→ **Provided material**

[Start of Attachment]

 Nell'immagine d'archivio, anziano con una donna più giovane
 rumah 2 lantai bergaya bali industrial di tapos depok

[End of Attachment]
[Start of Attachment]

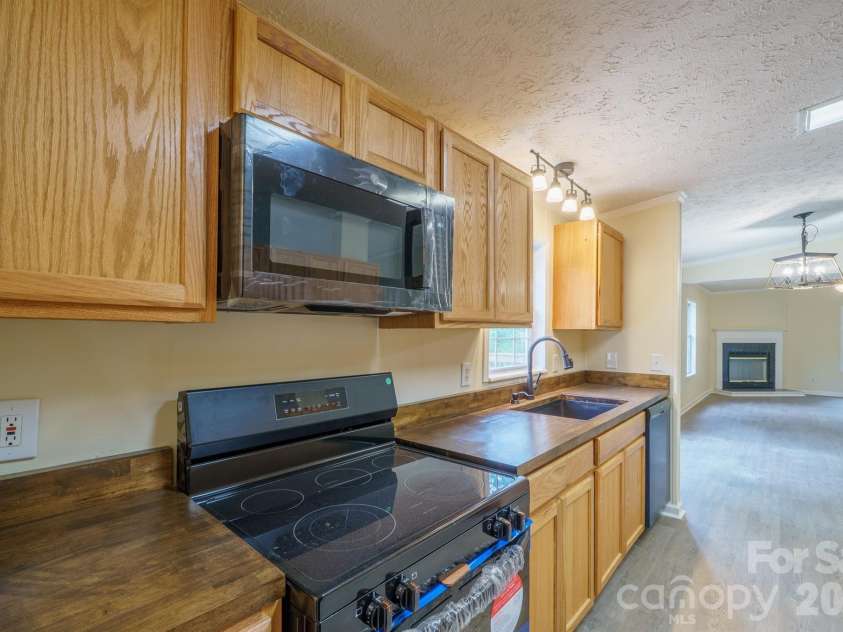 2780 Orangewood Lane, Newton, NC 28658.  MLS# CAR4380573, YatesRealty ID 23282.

[End of Attachment]

→ **Task prompt**
The expected output is exactly the lines of the listing above between the line holding "Nell'immagine d'archivio, anziano" and the line holding "rumah 2 lantai", inclusive.

→ **Response to the task**
 Nell'immagine d'archivio, anziano con una donna più giovane
 rumah 2 lantai bergaya bali industrial di tapos depok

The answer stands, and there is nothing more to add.